Crook is a Christian who has carved out a successful niche writing historical novels about Canadians of faith who made a difference.

“I consider writing as my mission,” Crook says. “With my books, some Christian content goes into our public schools where, in many cases, not even Christmas carols are allowed.

“My main purpose is to bring to life our great Canadian Christian heritage. Nellie McClung is known by the secular world as a great suffragette leader and a famous author, but few realize she was a Christian. Laura Secord is recognized today as a name for candy. Few know she was a brave heroine, and even fewer that she was a Christian.”

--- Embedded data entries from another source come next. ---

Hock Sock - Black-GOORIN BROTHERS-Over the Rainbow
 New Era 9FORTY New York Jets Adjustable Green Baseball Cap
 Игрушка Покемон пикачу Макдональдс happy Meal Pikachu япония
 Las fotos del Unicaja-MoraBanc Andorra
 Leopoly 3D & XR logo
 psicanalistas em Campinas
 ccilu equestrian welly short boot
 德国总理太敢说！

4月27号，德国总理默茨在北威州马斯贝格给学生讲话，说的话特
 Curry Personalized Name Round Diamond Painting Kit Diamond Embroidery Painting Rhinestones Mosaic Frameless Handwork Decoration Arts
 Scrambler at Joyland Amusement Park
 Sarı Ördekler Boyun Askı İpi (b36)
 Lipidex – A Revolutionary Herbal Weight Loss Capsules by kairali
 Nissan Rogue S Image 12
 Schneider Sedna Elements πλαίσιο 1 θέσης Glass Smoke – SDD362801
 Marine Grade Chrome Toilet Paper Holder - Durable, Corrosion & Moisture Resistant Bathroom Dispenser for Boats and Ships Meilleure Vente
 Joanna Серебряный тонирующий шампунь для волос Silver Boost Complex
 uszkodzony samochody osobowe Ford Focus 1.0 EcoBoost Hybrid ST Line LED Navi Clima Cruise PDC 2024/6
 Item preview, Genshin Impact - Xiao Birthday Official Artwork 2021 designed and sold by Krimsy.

Crook also hopes that young people who read her books will follow her characters’ examples and be open to Christianity.

Value of fiction
She knows the value of good fiction. An only child until age 10, growing up on an isolated farm in rural Ontario, “the characters in books were my friends and rounded out my life and character considerably.” She especially loved Heidi, whose life had similarities to her own.

At 17, Crook went to Queen’s University on a full scholarship. After a year at Wheaton College in Chicago and another at the U of T’s Ontario College of Education, she became a high school English and Latin teacher in Sault Ste Marie.

During that time, she met Reg Brown. They kept in touch and eventually married.Because Reg was pastoring a new church in Owen Sound, Connie continued to teach.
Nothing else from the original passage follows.